Different classifiers, training parameters and stopping conditions were provided to come up with the results. The results given initially by the stencil code was a paltry had a paltry 0.085 Accuracy Percentage in detecting faces from a set of 130 images. The results dramatically improved when SIFT features were considered for training instead of just image crops. Also, linear/non-linear classifiers gave slightly different results and different parameter tuning for these classifiers changed results a little bit too. Results are gien below as figures.

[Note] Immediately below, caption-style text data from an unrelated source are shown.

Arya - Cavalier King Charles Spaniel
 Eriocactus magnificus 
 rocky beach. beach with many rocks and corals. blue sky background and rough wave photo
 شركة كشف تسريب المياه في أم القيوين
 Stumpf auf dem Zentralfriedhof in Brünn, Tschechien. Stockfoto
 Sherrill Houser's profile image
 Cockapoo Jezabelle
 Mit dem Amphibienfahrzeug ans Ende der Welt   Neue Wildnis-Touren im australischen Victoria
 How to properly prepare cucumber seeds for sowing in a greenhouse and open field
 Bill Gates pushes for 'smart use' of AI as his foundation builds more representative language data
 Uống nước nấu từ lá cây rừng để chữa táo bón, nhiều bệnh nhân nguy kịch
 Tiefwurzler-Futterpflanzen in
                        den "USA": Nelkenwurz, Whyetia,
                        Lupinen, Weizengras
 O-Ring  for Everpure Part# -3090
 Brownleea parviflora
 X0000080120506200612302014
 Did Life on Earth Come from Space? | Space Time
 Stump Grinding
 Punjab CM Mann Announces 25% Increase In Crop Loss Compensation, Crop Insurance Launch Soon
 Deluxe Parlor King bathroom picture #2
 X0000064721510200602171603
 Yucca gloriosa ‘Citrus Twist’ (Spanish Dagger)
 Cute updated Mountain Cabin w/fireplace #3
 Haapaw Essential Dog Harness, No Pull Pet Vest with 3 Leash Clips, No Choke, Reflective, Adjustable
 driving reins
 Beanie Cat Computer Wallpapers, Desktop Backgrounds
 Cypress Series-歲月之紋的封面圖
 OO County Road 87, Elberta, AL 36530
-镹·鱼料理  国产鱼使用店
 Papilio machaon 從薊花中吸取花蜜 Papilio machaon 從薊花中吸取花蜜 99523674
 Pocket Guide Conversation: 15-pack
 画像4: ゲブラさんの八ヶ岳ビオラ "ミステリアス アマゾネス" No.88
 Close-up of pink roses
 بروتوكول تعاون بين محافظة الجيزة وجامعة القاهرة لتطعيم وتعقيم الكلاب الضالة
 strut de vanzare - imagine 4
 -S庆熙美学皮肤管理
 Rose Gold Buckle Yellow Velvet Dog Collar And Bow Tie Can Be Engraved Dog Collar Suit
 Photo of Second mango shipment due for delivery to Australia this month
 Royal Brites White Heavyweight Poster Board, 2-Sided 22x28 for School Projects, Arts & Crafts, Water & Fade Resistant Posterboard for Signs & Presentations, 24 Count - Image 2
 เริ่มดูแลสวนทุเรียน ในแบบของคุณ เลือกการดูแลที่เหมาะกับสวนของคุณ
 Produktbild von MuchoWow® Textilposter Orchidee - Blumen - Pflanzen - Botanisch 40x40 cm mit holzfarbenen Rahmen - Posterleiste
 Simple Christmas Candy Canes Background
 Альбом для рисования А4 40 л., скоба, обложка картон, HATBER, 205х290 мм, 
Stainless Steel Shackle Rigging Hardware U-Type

Fig. 0: Result of face detection by implemented algorithm. All faces detected with a few false positives




Fig. 1: Two faces successfully detected in the same picture, yellow box denoting ground truth and green box denoting detection



Fig. 2: A false positive detected in the same picture




Linear SVM with lambda = 200



Fig. 3: Precision recall graph for linear SVM classifier ran for one iteration of getting random negatives and one iteration of hard negatives



Fig. 4: Iteration wise detection evaluation



Fig. 5: Precision recall graph for linear SVM classifier ran for one iteration of getting random negatives and three iterations of hard negatives



Fig. 6: Iteration wise detection evaluation



Fig. 7: Precision recall graph for linear SVM classifier ran for one iteration of getting random negatives and five iterations of hard negatives



Fig. 8: Iteration wise detection evaluation




Non-linear SVM with lambda = 0.7, sigma = 1000



Fig. 9: Precision recall graph for linear SVM classifier ran for one iteration of getting random negatives and one iteration of hard negatives



Fig. 10: Iteration wise detection evaluation



Fig. 11: Precision recall graph for linear SVM classifier ran for one iteration of getting random negatives and three iterations of hard negatives



Fig. 12: Iteration wise detection evaluation



Fig. 13: Precision recall graph for linear SVM classifier ran for one iteration of getting random negatives and five iterations of hard negatives



Fig. 14: Iteration wise detection evaluation



Conclusion

Looks like the non-linear SVM classifier outperforms the linear SVM classifier by a little bit. Ther percentage boost in accuracy is a lot. However, it is no where close to what is published in the literature. I believe its possible to get close to those numbers by simply tuning some algorithmic parameters more -- like lambda for SVM, step size and starting scale used in the detector, etc. This comes at a cost of computing time though.